Tony Travers, director of the Greater London Research Centre at the London School of Economics, says: "If the new mayor does only one thing it should be to produce the world's most rigorously managed bus priority routes in London, with transport police enforcing every one of them.
"Improving bus services could be done within a year if there is an immediate start. Although the other side of the coin will be some suppression of the car in central London, there will be public support as long as people see something being done."
RACE, CULTURE AND CRIME.
Tower Hamlets is the most ethnically diverse and the most impoverished borough in the country. Simon Hallsworth - senior lecturer in criminology at London Guildhall University, who recently completed two research projects on the borough - says he is concerned because what the public sees are brochures that talk about mission statements and plans but are full of sweeping generalisations.
"What the new mayor will read about are wonderful things and grand initiatives. But the differences between presentation and reality are vast."
The reality, Hallsworth says, is that 25 per cent of Tower Hamlets' population is under 15 years old, there is a heroin epidemic, one in three homes has no wage earner, the borough is divided into territorial units run by gangs, and the police, as the frontline agency of control, respond by stopping and searching and are then perceived as racist.
He calls for something more than "symbolic governance" to be done locally so that, at the very least, youth in the East End have somewhere to go and something to do. "How can you plan strategically when the only provisions at the local youth club are one pack of cards and a pool table?" Lola Young and Heidi Mirza, two of the first black female professors in the United Kingdom, tell a similar story. Mirza, professor of racial equalities studies at Middlesex University, grew up in Brixton and the Caribbean and sits on the School Standards Task Force.
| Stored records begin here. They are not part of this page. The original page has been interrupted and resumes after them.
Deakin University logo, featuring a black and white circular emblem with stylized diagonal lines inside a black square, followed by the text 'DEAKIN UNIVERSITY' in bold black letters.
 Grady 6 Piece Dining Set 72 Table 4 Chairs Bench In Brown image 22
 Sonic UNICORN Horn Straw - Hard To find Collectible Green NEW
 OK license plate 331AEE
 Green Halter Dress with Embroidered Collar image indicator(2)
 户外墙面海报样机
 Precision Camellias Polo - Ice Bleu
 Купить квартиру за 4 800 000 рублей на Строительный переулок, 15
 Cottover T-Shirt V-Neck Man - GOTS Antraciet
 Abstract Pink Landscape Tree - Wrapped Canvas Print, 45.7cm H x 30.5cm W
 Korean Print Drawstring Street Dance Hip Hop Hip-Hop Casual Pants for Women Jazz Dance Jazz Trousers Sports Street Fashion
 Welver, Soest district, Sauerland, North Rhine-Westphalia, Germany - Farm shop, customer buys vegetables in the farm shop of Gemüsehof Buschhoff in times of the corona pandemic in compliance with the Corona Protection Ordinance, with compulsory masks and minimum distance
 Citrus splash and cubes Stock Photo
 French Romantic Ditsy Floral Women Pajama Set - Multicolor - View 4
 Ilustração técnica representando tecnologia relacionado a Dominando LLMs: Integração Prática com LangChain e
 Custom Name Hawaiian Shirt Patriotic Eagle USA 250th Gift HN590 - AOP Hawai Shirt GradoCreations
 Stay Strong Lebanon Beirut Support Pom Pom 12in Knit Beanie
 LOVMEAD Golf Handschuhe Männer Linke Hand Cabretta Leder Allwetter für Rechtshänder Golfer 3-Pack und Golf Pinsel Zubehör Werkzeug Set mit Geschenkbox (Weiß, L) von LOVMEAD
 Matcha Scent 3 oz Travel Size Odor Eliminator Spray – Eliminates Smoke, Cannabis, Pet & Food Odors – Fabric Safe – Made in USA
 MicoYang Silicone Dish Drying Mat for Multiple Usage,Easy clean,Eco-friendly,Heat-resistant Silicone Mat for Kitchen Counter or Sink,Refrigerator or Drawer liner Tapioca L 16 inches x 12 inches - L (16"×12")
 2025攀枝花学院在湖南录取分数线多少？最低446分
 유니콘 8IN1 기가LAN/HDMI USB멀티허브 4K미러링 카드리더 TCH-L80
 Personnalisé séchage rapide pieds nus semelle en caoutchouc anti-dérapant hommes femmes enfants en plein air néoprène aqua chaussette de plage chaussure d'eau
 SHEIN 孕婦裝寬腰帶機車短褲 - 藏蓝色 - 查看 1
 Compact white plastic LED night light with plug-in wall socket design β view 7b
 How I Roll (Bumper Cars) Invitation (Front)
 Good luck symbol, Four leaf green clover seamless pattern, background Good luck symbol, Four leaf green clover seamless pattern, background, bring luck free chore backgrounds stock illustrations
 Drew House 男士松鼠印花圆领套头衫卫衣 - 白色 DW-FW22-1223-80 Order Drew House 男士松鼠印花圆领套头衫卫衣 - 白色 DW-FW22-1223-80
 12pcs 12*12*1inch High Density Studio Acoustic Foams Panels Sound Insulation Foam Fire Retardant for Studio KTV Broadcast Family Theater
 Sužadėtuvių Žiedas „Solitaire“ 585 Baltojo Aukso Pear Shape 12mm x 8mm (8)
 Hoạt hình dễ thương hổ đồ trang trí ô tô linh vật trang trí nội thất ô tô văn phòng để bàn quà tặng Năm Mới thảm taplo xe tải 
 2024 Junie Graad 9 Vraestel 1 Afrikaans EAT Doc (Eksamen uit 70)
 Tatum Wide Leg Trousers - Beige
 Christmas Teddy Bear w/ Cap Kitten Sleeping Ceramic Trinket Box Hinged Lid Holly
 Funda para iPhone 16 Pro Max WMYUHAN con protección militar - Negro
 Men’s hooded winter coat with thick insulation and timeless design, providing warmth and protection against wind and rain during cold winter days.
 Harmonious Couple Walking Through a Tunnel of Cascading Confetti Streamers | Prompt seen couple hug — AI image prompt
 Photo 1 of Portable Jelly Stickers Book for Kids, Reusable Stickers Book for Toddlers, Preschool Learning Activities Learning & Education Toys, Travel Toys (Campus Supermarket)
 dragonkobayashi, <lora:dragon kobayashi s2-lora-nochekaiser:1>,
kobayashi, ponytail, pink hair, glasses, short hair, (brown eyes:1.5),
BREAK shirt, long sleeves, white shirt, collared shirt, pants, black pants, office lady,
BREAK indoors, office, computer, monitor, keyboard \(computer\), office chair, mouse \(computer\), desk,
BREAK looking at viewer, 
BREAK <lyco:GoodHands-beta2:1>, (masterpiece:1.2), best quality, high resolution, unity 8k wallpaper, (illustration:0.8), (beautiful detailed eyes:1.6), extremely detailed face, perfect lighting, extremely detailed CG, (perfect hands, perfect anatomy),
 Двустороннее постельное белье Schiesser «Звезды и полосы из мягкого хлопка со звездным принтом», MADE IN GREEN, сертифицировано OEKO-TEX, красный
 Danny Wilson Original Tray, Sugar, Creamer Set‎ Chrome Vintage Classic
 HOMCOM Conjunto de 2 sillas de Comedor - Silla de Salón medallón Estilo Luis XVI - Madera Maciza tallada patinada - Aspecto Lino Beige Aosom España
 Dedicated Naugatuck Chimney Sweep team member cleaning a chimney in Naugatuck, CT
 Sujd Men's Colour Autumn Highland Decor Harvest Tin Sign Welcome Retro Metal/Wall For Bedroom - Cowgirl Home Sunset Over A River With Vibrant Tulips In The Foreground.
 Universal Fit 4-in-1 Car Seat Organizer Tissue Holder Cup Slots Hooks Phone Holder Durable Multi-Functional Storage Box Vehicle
She is concerned about what has happened to the infrastructure in many poor areas, where youth centres and other meeting places have closed.
"If you research people's experiences at local level, you find that almost the only thing left is an impoverished primary school. What happens then is that these cultures are labelled passive and low aspirational, but in fact many ethnic minority cultures are now running black Saturday schools for themselves."
She says these people do not need top-down policy advice but a mayor prepared to get out and look with different eyes. "The mayor could provide some kind of bridging between local peoples' voices and official policy."
Young, recently seconded from Middlesex University to be project director of a new National Museum and Archives of Black History, insists there is still a need to explain to black people how to make the most of the system.
At the same time, politicians need a new mindset so that instead of just talking about London as a culturally diverse community, "those people who give out that money must have a clear concept of the real contribution black arts and culture can make to the economic life of London".